** WHAT THIS TASK INVOLVES **
The answer must restate every entry exactly as it appears.
─── DATA TO PROCESS ───
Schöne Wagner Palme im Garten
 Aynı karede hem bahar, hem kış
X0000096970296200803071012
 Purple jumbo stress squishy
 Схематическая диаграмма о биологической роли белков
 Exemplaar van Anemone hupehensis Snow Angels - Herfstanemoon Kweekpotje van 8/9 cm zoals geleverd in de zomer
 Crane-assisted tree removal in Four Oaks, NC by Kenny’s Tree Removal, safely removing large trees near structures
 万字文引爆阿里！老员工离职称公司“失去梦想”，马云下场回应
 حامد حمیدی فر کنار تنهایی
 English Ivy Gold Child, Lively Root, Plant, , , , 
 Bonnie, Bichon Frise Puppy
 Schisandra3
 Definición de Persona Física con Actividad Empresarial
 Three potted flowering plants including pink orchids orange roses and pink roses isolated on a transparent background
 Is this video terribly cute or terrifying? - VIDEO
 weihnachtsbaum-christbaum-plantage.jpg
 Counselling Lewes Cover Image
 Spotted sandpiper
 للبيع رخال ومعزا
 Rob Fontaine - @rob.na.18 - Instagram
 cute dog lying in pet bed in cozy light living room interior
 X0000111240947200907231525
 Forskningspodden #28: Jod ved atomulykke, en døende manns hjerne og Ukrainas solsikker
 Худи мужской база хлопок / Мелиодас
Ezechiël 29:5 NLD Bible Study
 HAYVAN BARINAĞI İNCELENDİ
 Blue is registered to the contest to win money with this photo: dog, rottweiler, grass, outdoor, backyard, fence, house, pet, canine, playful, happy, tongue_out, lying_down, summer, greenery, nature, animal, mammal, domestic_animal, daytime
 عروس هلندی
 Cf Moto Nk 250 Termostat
───
** ANSWER BOX **
Schöne Wagner Palme im Garten
 Aynı karede hem bahar, hem kış
X0000096970296200803071012
 Purple jumbo stress squishy
 Схематическая диаграмма о биологической роли белков
 Exemplaar van Anemone hupehensis Snow Angels - Herfstanemoon Kweekpotje van 8/9 cm zoals geleverd in de zomer
 Crane-assisted tree removal in Four Oaks, NC by Kenny’s Tree Removal, safely removing large trees near structures
 万字文引爆阿里！老员工离职称公司“失去梦想”，马云下场回应
 حامد حمیدی فر کنار تنهایی
 English Ivy Gold Child, Lively Root, Plant, , , , 
 Bonnie, Bichon Frise Puppy
 Schisandra3
 Definición de Persona Física con Actividad Empresarial
 Three potted flowering plants including pink orchids orange roses and pink roses isolated on a transparent background
 Is this video terribly cute or terrifying? - VIDEO
 weihnachtsbaum-christbaum-plantage.jpg
 Counselling Lewes Cover Image
 Spotted sandpiper
 للبيع رخال ومعزا
 Rob Fontaine - @rob.na.18 - Instagram
 cute dog lying in pet bed in cozy light living room interior
 X0000111240947200907231525
 Forskningspodden #28: Jod ved atomulykke, en døende manns hjerne og Ukrainas solsikker
 Худи мужской база хлопок / Мелиодас
Ezechiël 29:5 NLD Bible Study
 HAYVAN BARINAĞI İNCELENDİ
 Blue is registered to the contest to win money with this photo: dog, rottweiler, grass, outdoor, backyard, fence, house, pet, canine, playful, happy, tongue_out, lying_down, summer, greenery, nature, animal, mammal, domestic_animal, daytime
 عروس هلندی
 Cf Moto Nk 250 Termostat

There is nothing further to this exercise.